The shift is a major tactical tool in baseball, one that has gained substantial attention recently due to its increased use. Some teams shift a lot, like the Astros, who employ a shift on 37% of all plays. The Angels shift the least of any team, at only 3% of all plays. Likewise, some players are “shifted on” more than others. For example, Chris Davis is shifted on in more than 90% of plate appearances!
Shift data is available at: https://baseballsavant.mlb.com/visuals/batter-positioning. This includes some raw data as well as heatmaps depicting shifts. The below is the visual summary for how teams shift Giancarlo Stanton.
And here is how teams shift Bryce Harper.
Can a deep learning algorithm, specifically a convolutional neural net, predict which type of hitter is at the plate given a shift image? We’ll give it a shot and see what happens.
I downloaded a few dozen shift images and placed them into four classes, defining the type of hitter: left average, left power, right average, and right power.
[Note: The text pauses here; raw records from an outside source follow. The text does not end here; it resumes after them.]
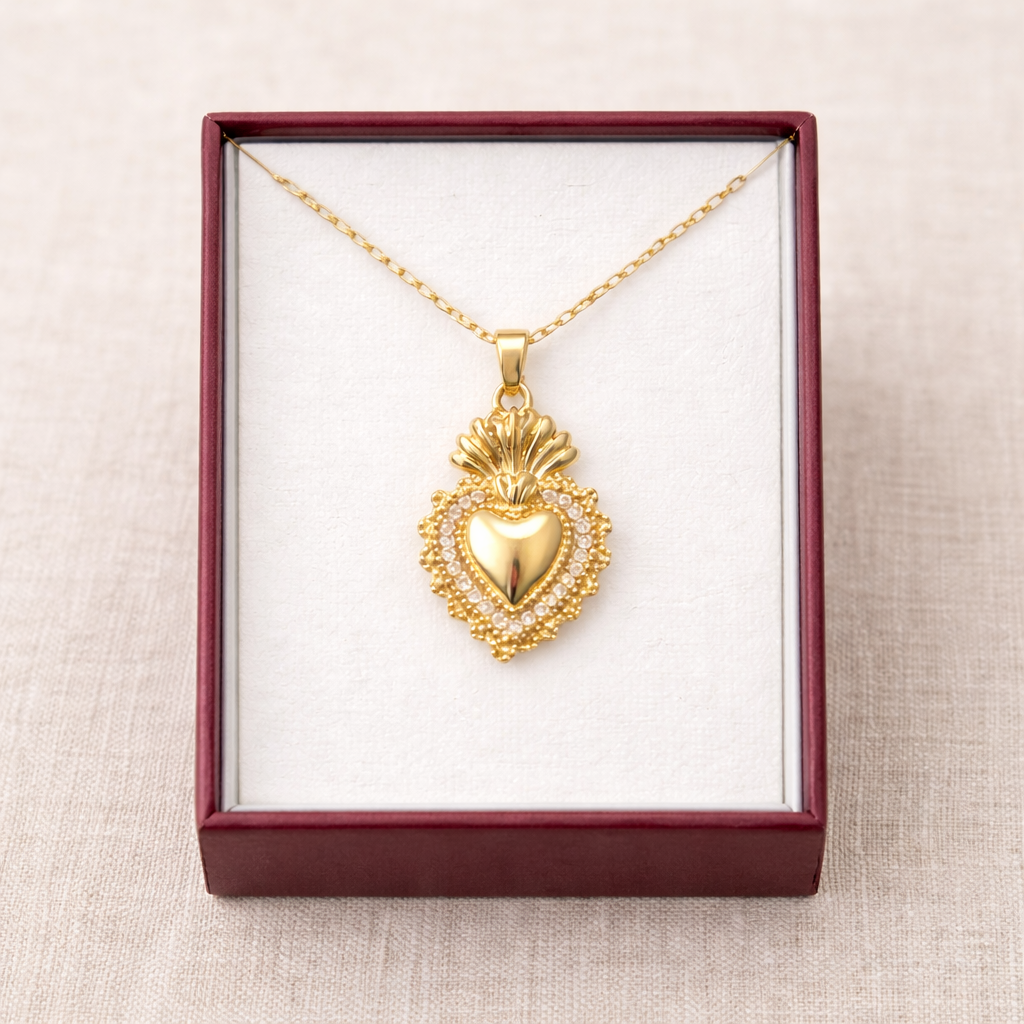 Gold Plated Sacred Heart Necklace
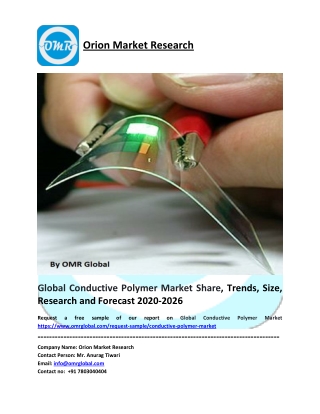 Global Conductive Polymer Market Size, Share, Future Prospects and Forecast 2020-2026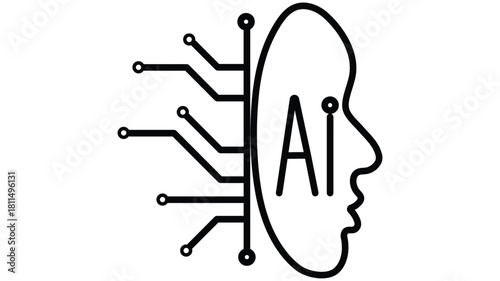 Vibrant AI Head Concept with Colorful Circuit Board Connections for Modern Technology, Artificial Intelligence, Machine Learning and Innovation.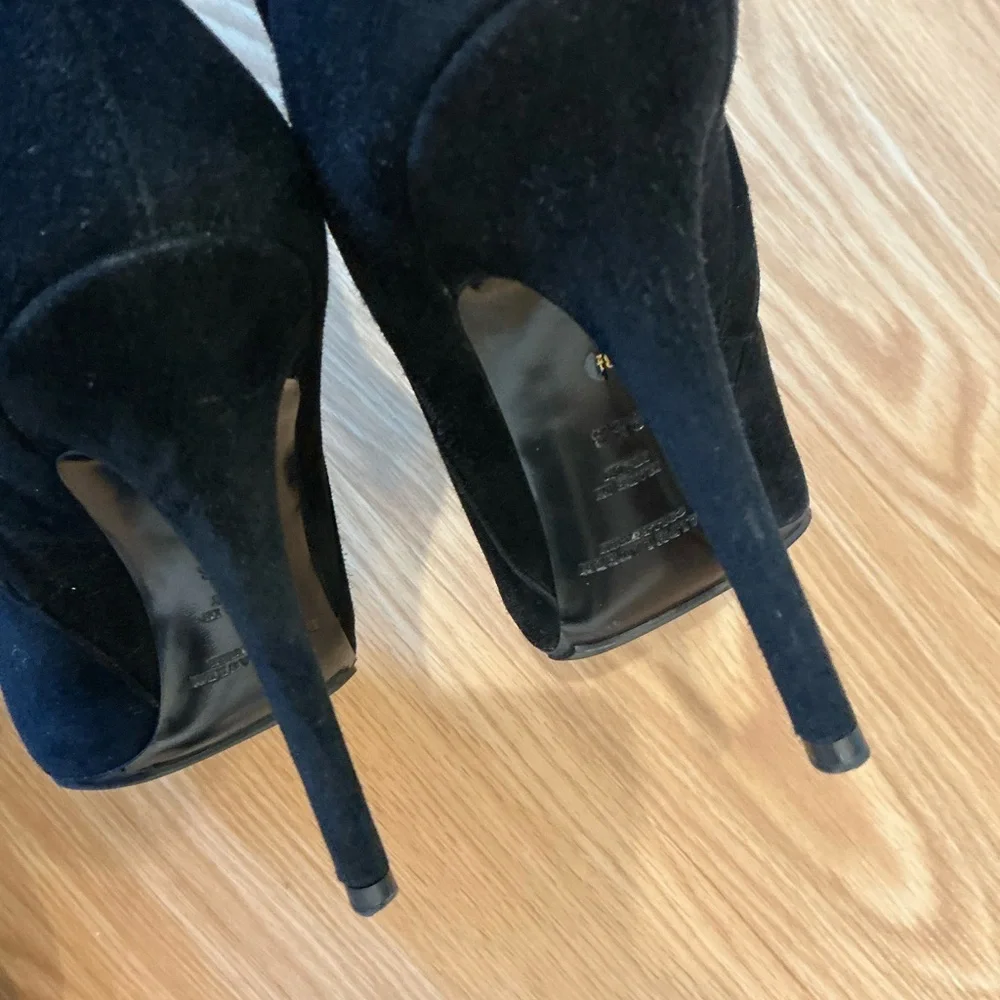 Ralph Lauren Black Suede Stiletto Ankle Boots Purple Label Made in Italy Sz 8.5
I trained on 38 images, used 14 images for validation during training, and tested on 10 images.
As a baseline, I trained a shallow neural network with only one hidden layer. On the validation data, the model performed just a little bit better than random. Not too surprising.
I subsequently used the framework from the VGG16 model, a popular convolutional neural network architecture, which has more than 138 MM parameters (see structure below). The model achieved 55% accuracy on the validation set during training.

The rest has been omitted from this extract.